Offsite backup, server clustering, server virtualization, hybrid infrastructure, and even RAID drive redundancy are all methods to protect business operations. It’s more sophisticated than “put it in The Cloud” (which often doesn’t have redundancy).
Avoid single point-of-failure!
Achieving IT business continuity – the plan
By definition, business continuity is really a management process (rather than a product) and should be more robust than calling your IT partner. When a lightning storm kills the office power or a ransomware attack encrypts the application server, everyone needs to know their role in the process of disaster recovery. From the IT perspective, how do we mitigate downtime and data loss?
As a result, you’ll need to determine your RPO and RTO to have an effective business continuity plan.

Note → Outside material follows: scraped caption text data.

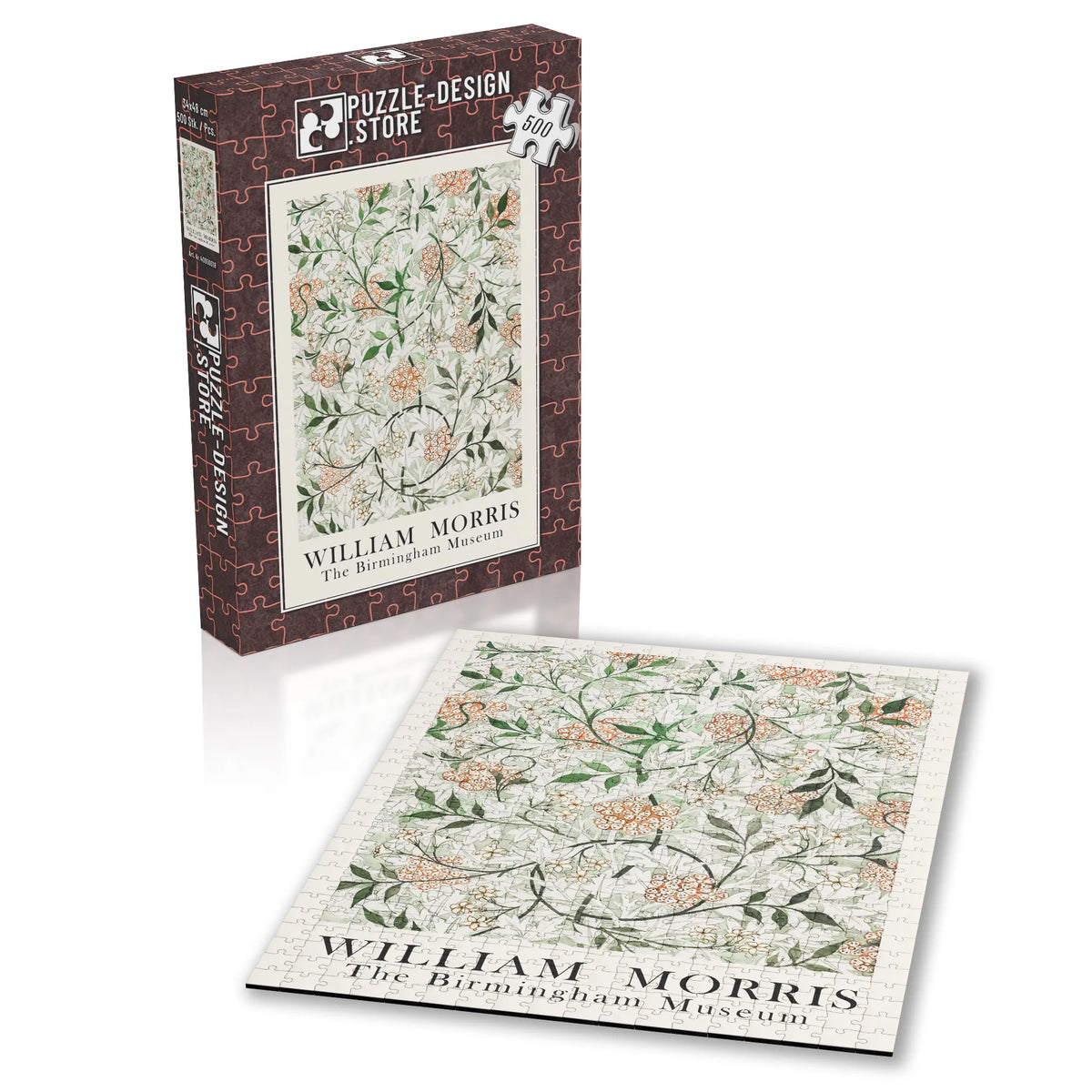 William Morris - Blütenranken in Elfenbein 005 – 500 Teile – Ansicht 2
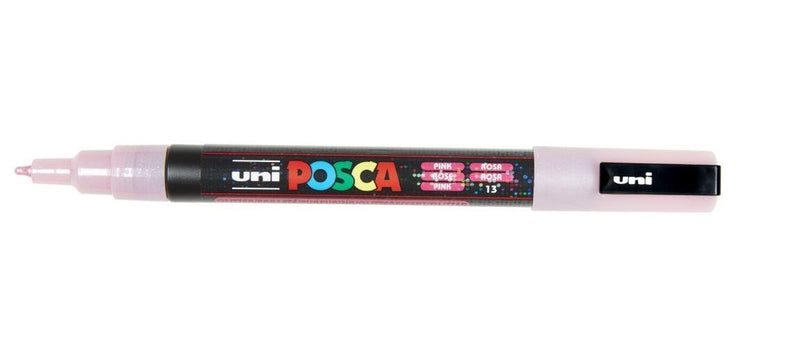 Uni Posca - Uni Posca PC3M Verfmarker Glitter Roze - ronde punt tot 13 mm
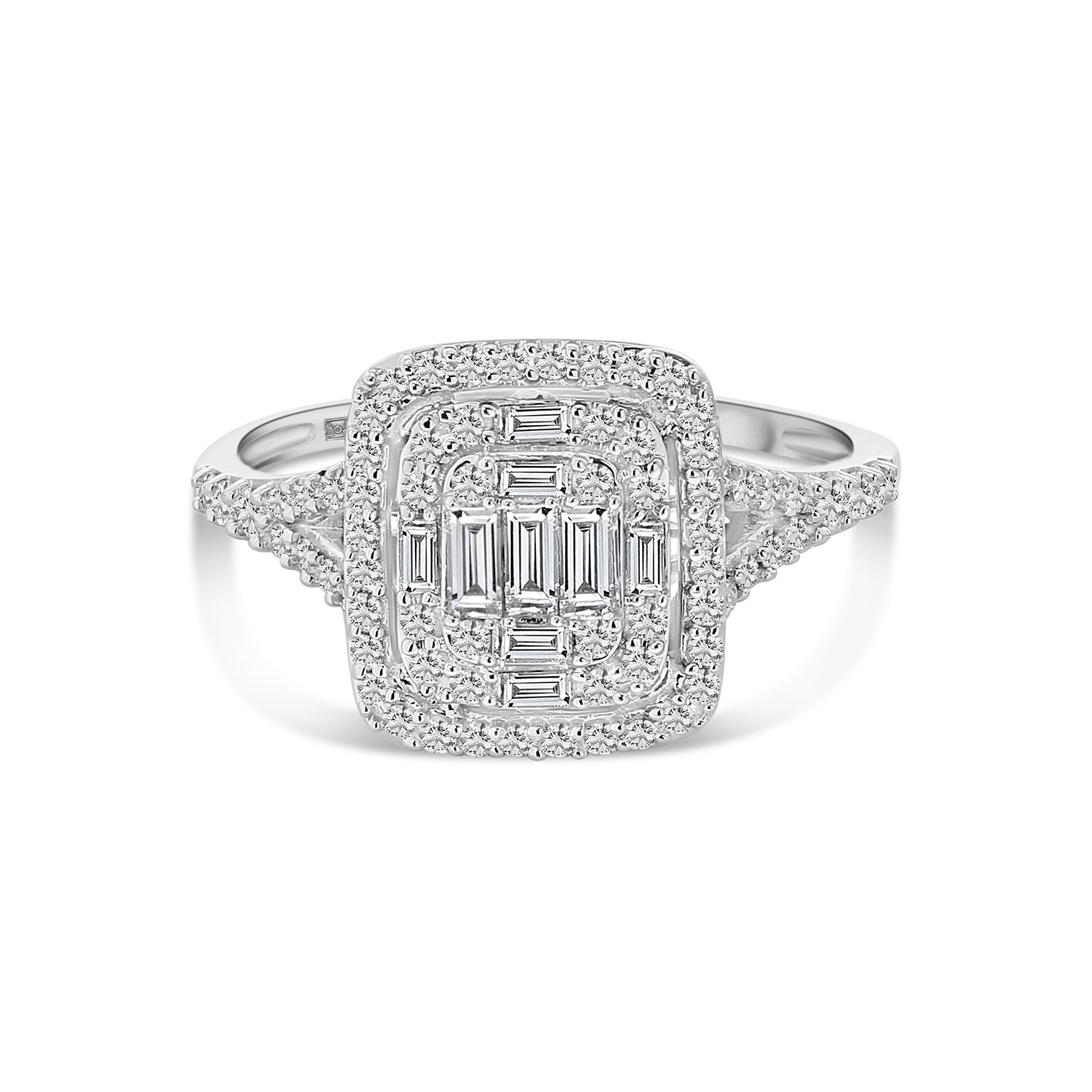 Witgouden Ring met Lab Grown Diamanten - R159-MILL0004-FLG-W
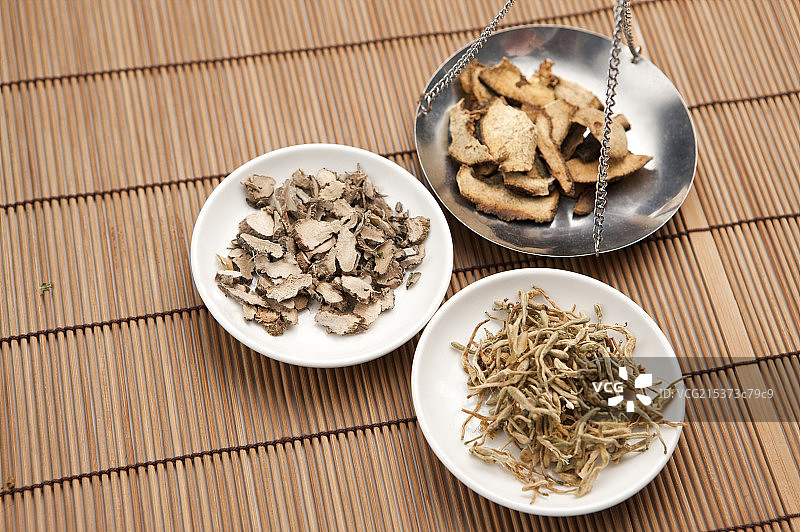 中药,金银花,石菖蒲,香橼图片素材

Recovery Point Objective – How much data can your business lose permanently before the business experiences significant damage? Before the business suffers damage from which it can’t recover?
To bring the point home, how many customer records could you permanently lose, and the damage be insignificant ($148 per record)? How many customer payment profiles could be lost before the business has to shut down permanently?
Recovery Time Objective – How long can your business be without X system or X files before it suffers significant or irreparable damage?
What would happen if your organization had an email outage for the entire day? What if it lost access to the accounting system for several days?
The task of determining RPO and RTO for every department, system, and data set seems daunting, and would likely prevent small business leaders from taking initiative to protect their organization. Rather than succumbing to “paralysis-by-analysis”, let’s get started with something more elementary.
Your first step to business continuity
Get out a piece of paper and think about the most important systems in your business (or network if you want to focus on IT). Which people would be the most difficult to replace for a short duration (maternity leave, vacation, injury) or permanent duration? Which applications are most imperative to servicing customers or managing the company books? Organize such facets of your business into a hierarchy, get executive buy-in, and determine the RPO and RTO for the top two or three.
From there you can work with your internal team and external partners to A. strengthen for threats, and B. create a plan and process for recovering from threats realized.
Remember that failure to create business continuity plans costs “everyday” small businesses thousands in damages via downtime and data-loss. The causes of network disasters are numerous and managing company data is only becoming more challenging as data growth rates soar.
So, ditch that old data backup and work with executive management and IT partnership to drive redundancy in design and clarity in process. That’s business continuity.